I have mostly given up my youthful, snobbish disdain for the flag-waving multitudes, but I still find myself a poor fit with any strong notion of American identity. In some ways I am quite American. I love hamburgers, play basketball, drink coke, and react with anti-dictator outrage to the kind of restrictions on free speech put in place by European countries. But I think that from the Indian wars to Bush's torture regime, my country has done evil acts beyond counting, and I refuse to excuse this or look away. My political opinions are all over the place, and in fact I think it is very dangerous for democracy when people take their positions on particular questions from the approved views of their own groups, however defined. One of the weirdest things to me about contemporary America is the number of people who espouse things that, it seems to me, they can't possibly believe, because those are the approved views of conservative "real Americans." People who depend absolutely on Social Security and Medicare fulminate against government spending, and people who have no interest in running the world nonetheless think defense spending should always go up. I find it equally bizarre that people become attached to "American" ways of doing things that are nothing but historical accidents, like our peculiar system of employer-provided health insurance. Health care in Europe is better and cheaper than ours, but it is somehow un-American to point this out and argue that we should copy a system that works.

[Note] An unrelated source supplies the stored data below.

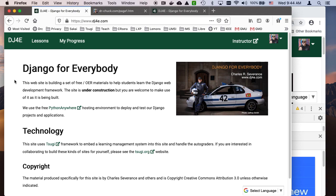They made Safari unfriendly to software developers, which means we're not going to test our stuff on Safari, which means if it breaks, too bad. Enough of that Safari diatribe. I hope that you found this walkthrough for Django for everybody helpful. Cheers.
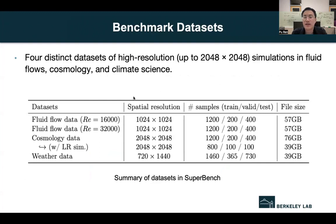In specific, there are four datasets of high-resolution simulations in fluid flows, cosmology, and climate science. We provide two fluid turbulence datasets with different Reynolds numbers, 16,000 and 32,000. The fluid data is generated with finite difference methods. The spatial resolution is 1024 by 1024. We consider three channels, including two velocity variables in the x and y directions, and the vorticity field.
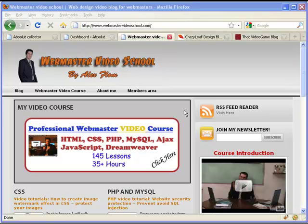Hi, this is Alex Flom. Welcome to the introduction to the WordPress Blogs video course. So what is WordPress? WordPress is the most popular web blogging software. It enables you to create professional looking blogs without, or with very little knowledge of complicated web design languages such as HTML, CSS and PHP. Let's take a look at some popular WordPress websites.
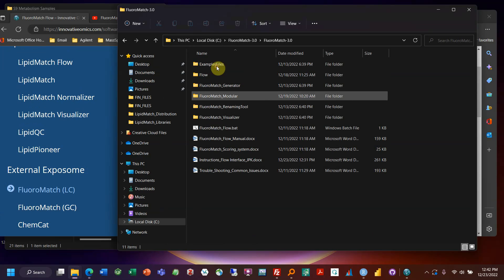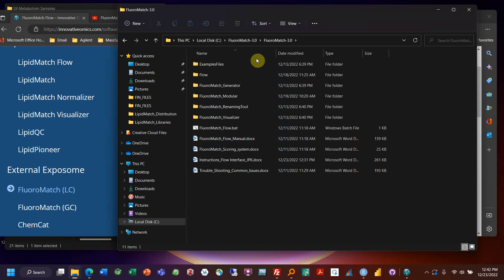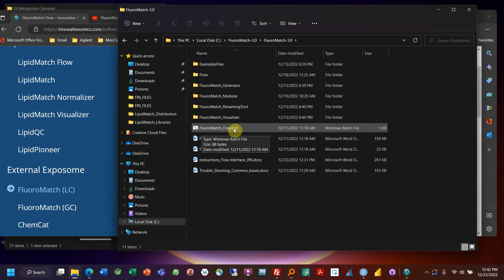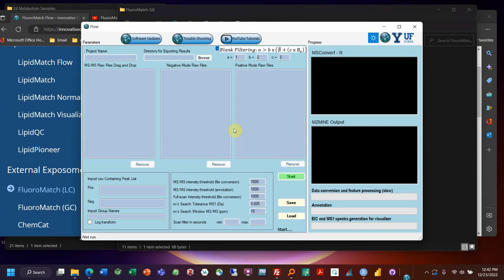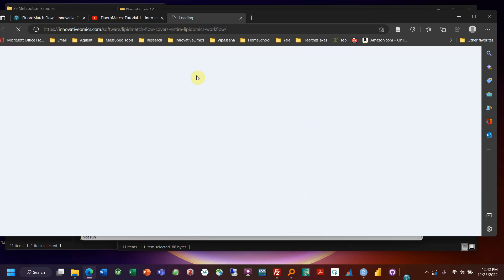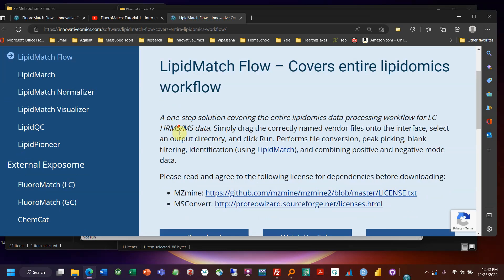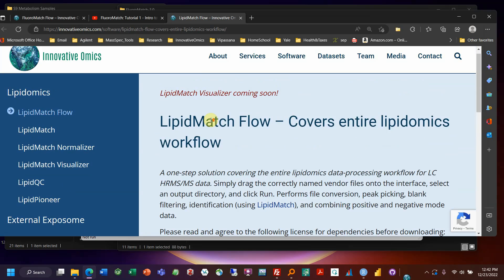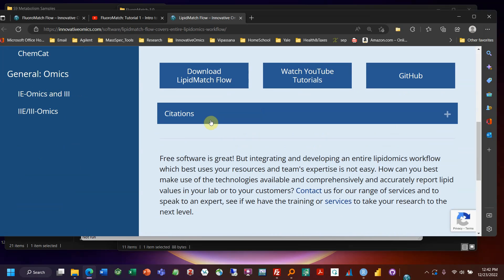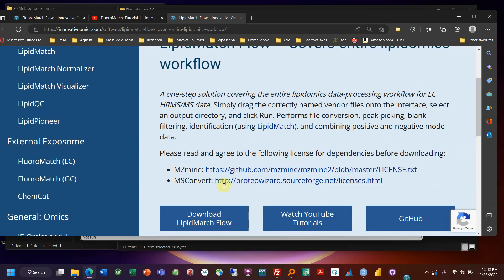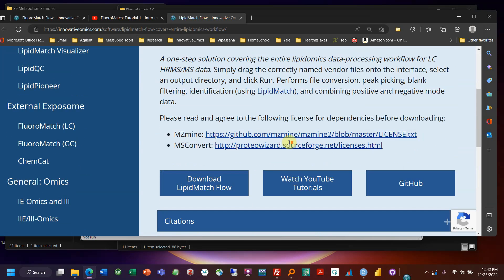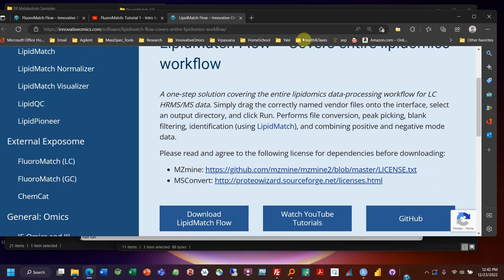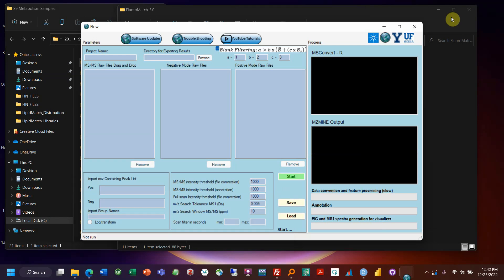Once you extract it, this should look something like this. You'll get this .bat file, FloroMatch underscore flow dot bat, and that's going to be your software. And so here you can see you can go back if you want to look at any updates. You can go back to the website and make sure that you're using the latest version which will be updated here. You can also ask for help, watch the YouTube tutorials, and then also see the supporting institutions and their websites here.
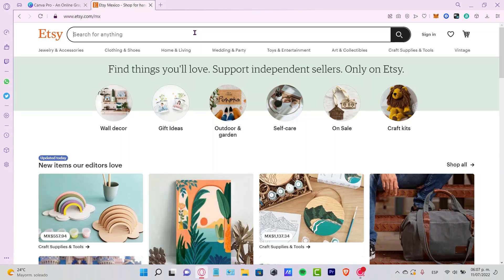Welcome everybody into this new tutorial. I want to show you how you can create your own digital planner and sell it on Etsy.com.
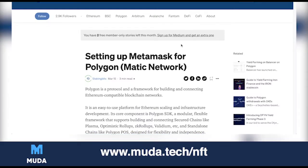What's up everyone. Today I'm going to show you how to get MetaMask and Polygon set up, and how to get MATIC into your wallet so that you can buy the Afro Kings NFT. The Afro Kings NFT is 16 MATIC, so keep that in mind when you are trying to do what you're doing.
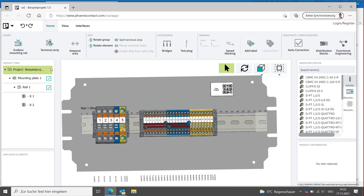On the left side you can find the project tree, and on the right side you can find the insertion center. Above, multiple functions of the ClipX Engineer. Today I will show you the autocorrection.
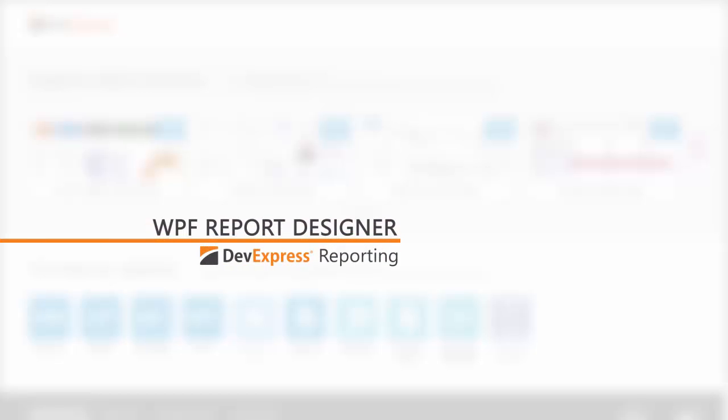The Extra Reports Suite features an end-user report designer that incorporates the full functionality and feature set of the report designer we ship for the Visual Studio IDE.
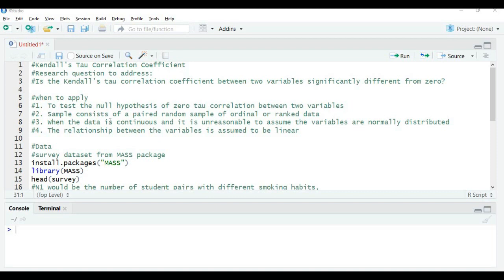Third, when the data is continuous — that is, when it is not ordinal, ranked, or categorical, and can be ratio or interval scale — but it is not reasonable to assume that the variables are normally distributed. So there is no reason to assume the variables are normally distributed. Fourth, the relationship between the variables is assumed to be linear. We test Tau Correlation when we assume the relationship is linear.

For these and other reasons I resist defining myself as an "American." Nor do I fit into any of the usual hyphenated groups. I identity more strongly with the skeptical, empirical school of western thought, stretching back to Aristotle, than I do with my fellow U.S. citizens -- and yet this is another weak sort of identification, not tell me much about how I should eat or dress or vote.
I am, I suppose, a citizen of the Enlightenment. As uncomfortable as I am with many Enlightenment ideas, I am what Kant and Hume expected the future to be: a person who upholds free thought over all ideologies, and freedom to self-invent over all inheritance, and without any home but the world.